#### Prompt:
Repeat the entries below word for word, though any picture in them should be dropped.

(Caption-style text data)
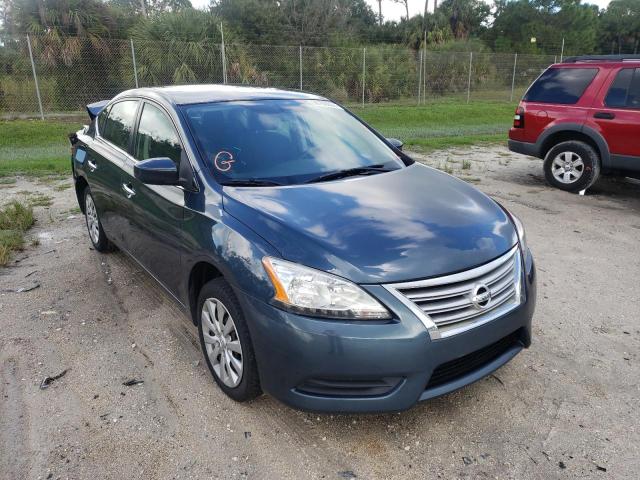 nissan sentra s 2014 1n4ab7ap5en850614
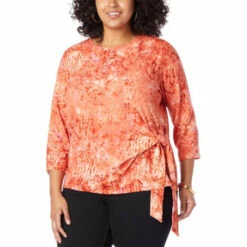 Wholesale ✨ G By Giuliana Brushed Hacci Knit Side-Tie Top Blossom ✔️ -G by GIULIANA Sales Store unnamed file 2834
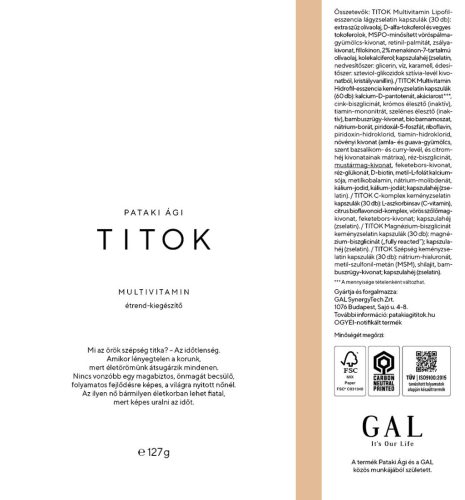 GAL TITOK Multivitamin (127 g)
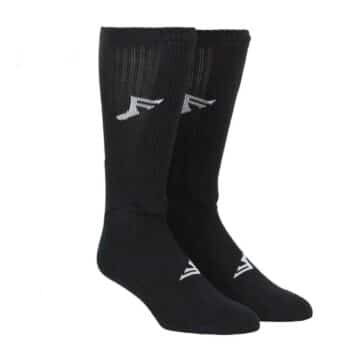 Footprint Painkiller Shin Knee-High Socks - Black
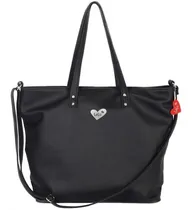 Comprar Cartera Tote + Sobre Cuero Sintético Ecocuero Bolso Tote Bag Color Negro Ecocuero \u002F Botón \u002F Correa Fija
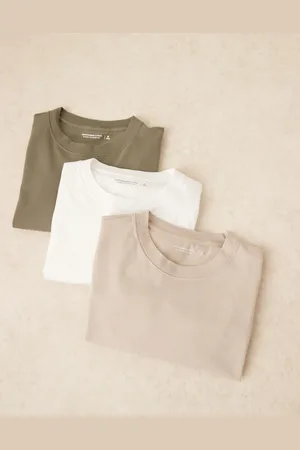 Abercrombie & Fitch Essential 3 pack t-shirt in white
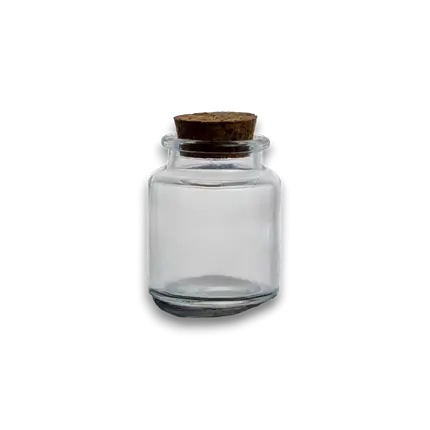 Pot en verre cadeaux invités - 5 x 6 cm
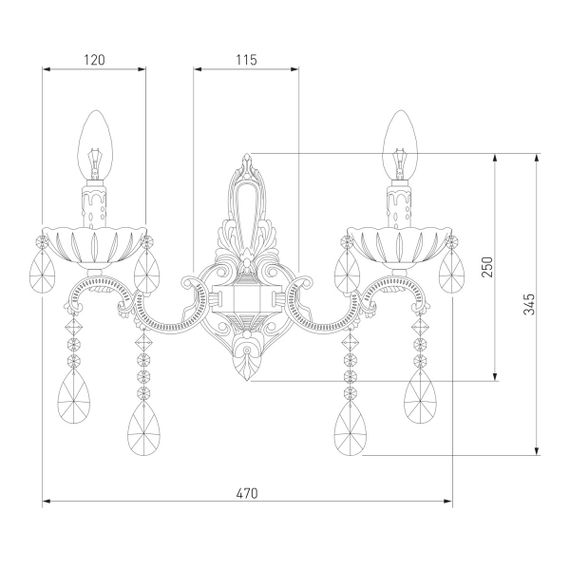 Бра Bogates 285/2 Strotskis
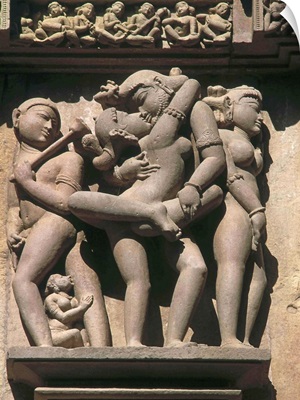 Kamasutra scene, Indian art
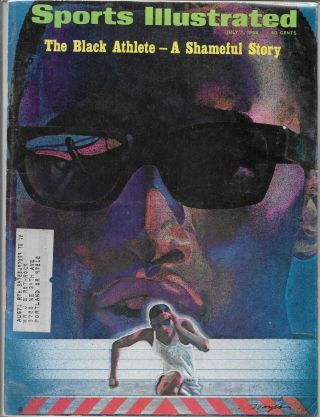 Sports Illustrated July 1 1968 The Black Athlete - A Shameful Story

#### Answer space:
 nissan sentra s 2014 1n4ab7ap5en850614
 Wholesale ✨ G By Giuliana Brushed Hacci Knit Side-Tie Top Blossom ✔️ -G by GIULIANA Sales Store unnamed file 2834
 GAL TITOK Multivitamin (127 g)
 Footprint Painkiller Shin Knee-High Socks - Black
 Comprar Cartera Tote + Sobre Cuero Sintético Ecocuero Bolso Tote Bag Color Negro Ecocuero \u002F Botón \u002F Correa Fija
 Abercrombie & Fitch Essential 3 pack t-shirt in white
 Pot en verre cadeaux invités - 5 x 6 cm
 Бра Bogates 285/2 Strotskis
 Kamasutra scene, Indian art
 Sports Illustrated July 1 1968 The Black Athlete - A Shameful Story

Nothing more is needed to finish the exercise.